FREDERICK, Colo. (Reuters) - Mourners gathered on Friday in a small Colorado town where the remains of a pregnant woman and her two young daughters were reportedly discovered in oil storage tanks the day after police took the father into custody for their murders.
Shanann Watts, 34, and her daughters Bella, 4, and Celeste, 3, were reported missing from their home in Frederick, 25 miles north of Denver, by a family friend on Monday afternoon, touching off an exhaustive search by law enforcement agencies.
Chris Watts was taken into custody on Wednesday on suspicion of murder, a day before the bodies of his wife and children were found. Watts, 33, had pleaded for the safe return of his pregnant wife and two young daughters while the search was underway.
About 200 people gathered in front of the family’s two-story home, where they created a makeshift memorial with flowers, stuffed animals and toys. They sang “Amazing Grace” and prayed during a candlelit vigil as the sun set.
“I call it a highway to heaven,” said neighbour Mary Ann Bogner, 64, fighting back tears as she arranged candles in the form of a cross.
Authorities have declined to confirm media reports that Watts had confessed to killing his family. The warrant for his arrest was sealed by a judge.
The two young girls were strangled and their bodies were found inside an oil tank, the Denver Post reported, citing a motion filed in court by an attorney for Watts.

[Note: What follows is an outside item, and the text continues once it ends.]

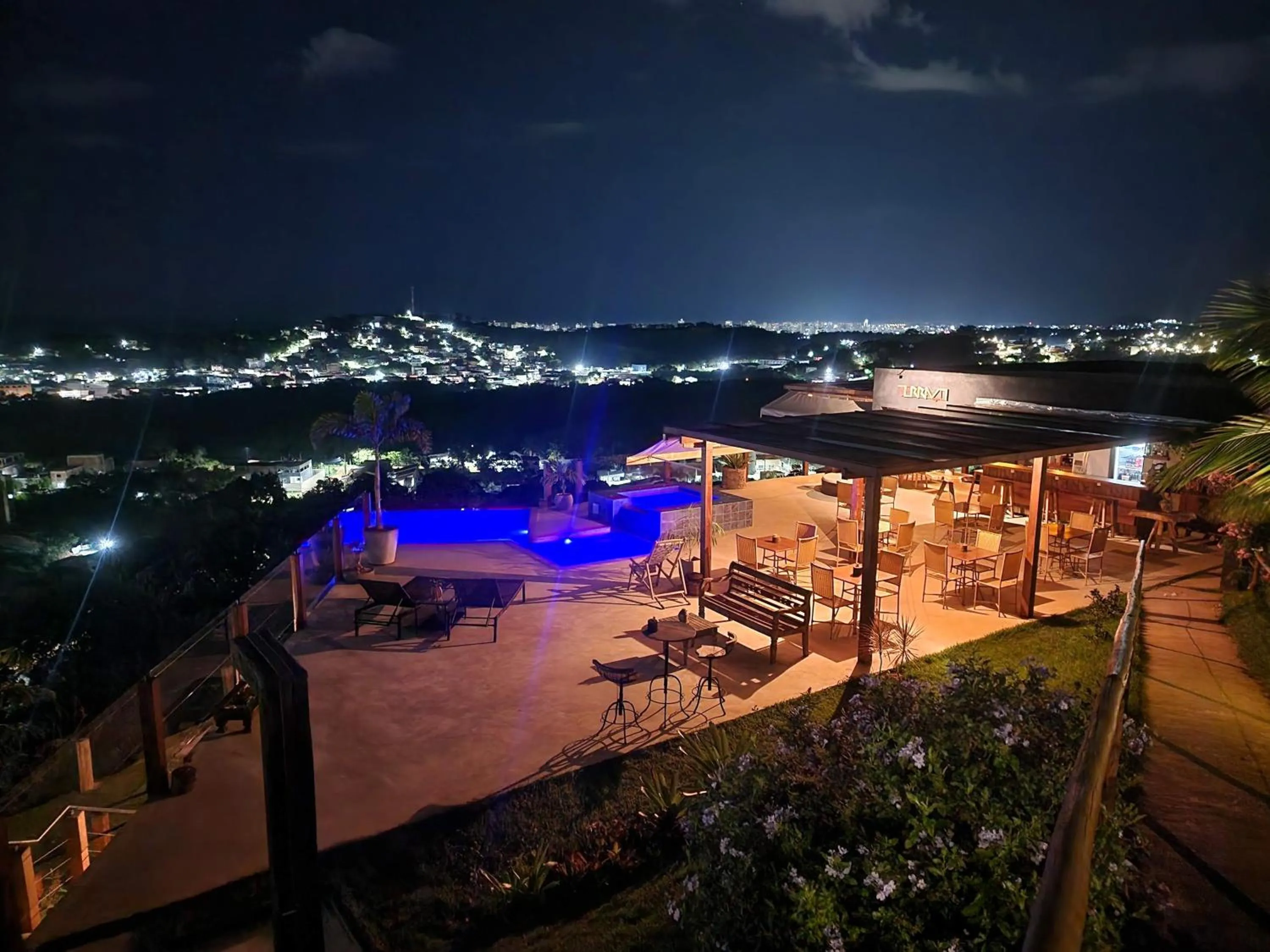 Restaurant/places to eat in Pousada Terraço Guarapari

The remains of all three victims were found at Anadarko Petroleum oil field where Watts worked until his arrest, the newspaper reported.
Watts is being held at the Weld County jail on three counts of first-degree murder and three counts of tampering with physical evidence, jail records show.
Prosecutors will formally charge him on Monday, District Attorney Michael Rourke said.
The killings have shaken the commuter community of Frederick, a former mining town of 13,000 people.
“This is what small towns do. We support each other and unite whether it is in tragedy or joy,” said Rusty O’Neal, 42, town trustee, during the vigil.